ABUJA (Reuters) - The revelation by a Nigerian senator that lawmakers in the upper house of parliament receive about $37,500 each month for personal expenses has prompted anger in the west African country, where most people live on less than $2 a day.
Senator Shehu Sani, who represents people in the northwestern state of Kaduna, said Senate lawmakers earn about 750,000 naira a month, with a further monthly “running allowance” of 13.5 million naira which equates to $37,500 on the black market rate of 360 naira per dollar most commonly used.
Sani’s disclosure sparked outrage in parts of the press and social media. While the elite in Africa’s biggest crude producer have long benefited from the country’s oil wealth, most of its 190 million inhabitants live in poverty.
“We must stop our lawmakers being the ones to determine how they are paid,” said development economist Odilim Enwegbara.
President Muhammadu Buhari, who has not said whether he will seek a second term in elections next February, came to power in 2015 vowing to improve the lives of ordinary Nigerians.
But the IMF recently said the people were getting poorer.
Public outrage over the gap between rich and poor could become an election campaign issue in the coming months.
Usman Mohammed, a civil servant in Abuja, said the money allocated for lawmakers’ expenses was “outrageous”.
“They are supposed not to earn up to that amount of money when people hardly survive,” he said.
A man selling wallets to drivers stuck in traffic on the gridlocked streets of the commercial capital Lagos, who gave his name only as Chijioke, said Nigeria’s leaders were failing their people.
“Our leaders will not think about us. We are hustling not because we like it but we have to help ourselves,” he said.
Chijioke makes around 800 naira - just $2.22 - a day by weaving between cars under the equatorial sun for several hours each day.
Africa’s largest economy is only slowly emerging from recession.
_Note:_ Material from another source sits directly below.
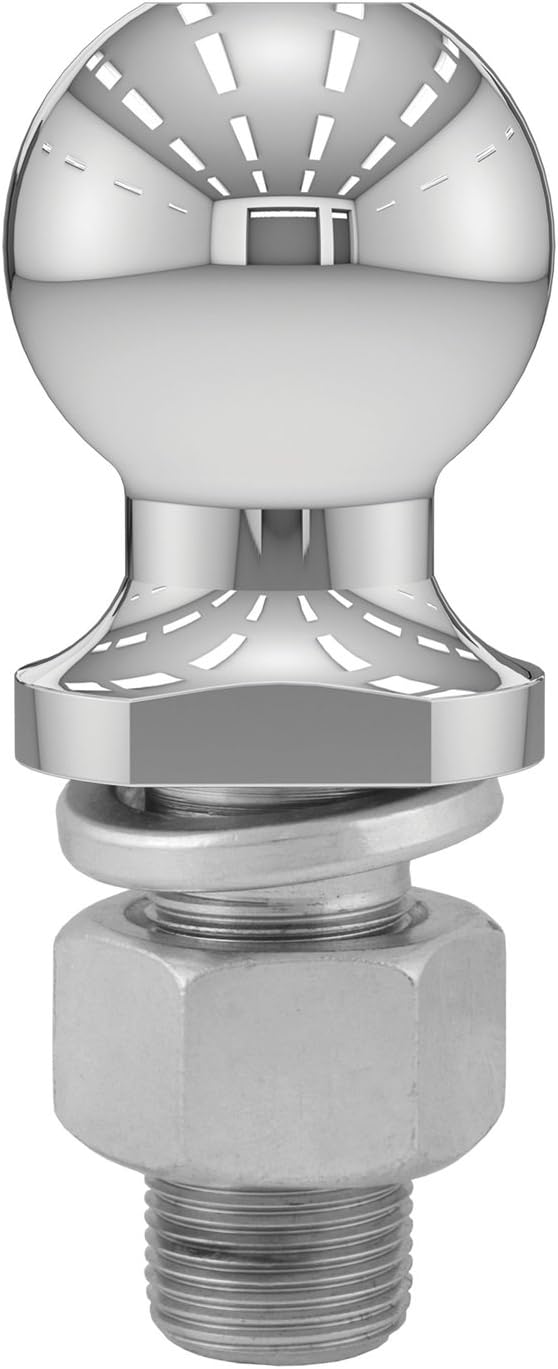 CURT Manufacturing 40037 2 in. Diameter Chrome Trailer Ball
Inflation, despite slowing down for 13 months in a row, remained in double figures at 14.3 percent in February.
Food inflation, which hovered around 20 percent throughout last year, stood at 17.6 percent last month.
The expense figures discussed by Sani, a member of Buhari’s All Progressives Congress party with a reputation for being a firebrand politician, had not previously been disclosed.
“When that light of transparency is cast on all these personalities and offices, then Nigerians will come to know whether it is worth their while to support or sustain the big government as we have now,” said Sani.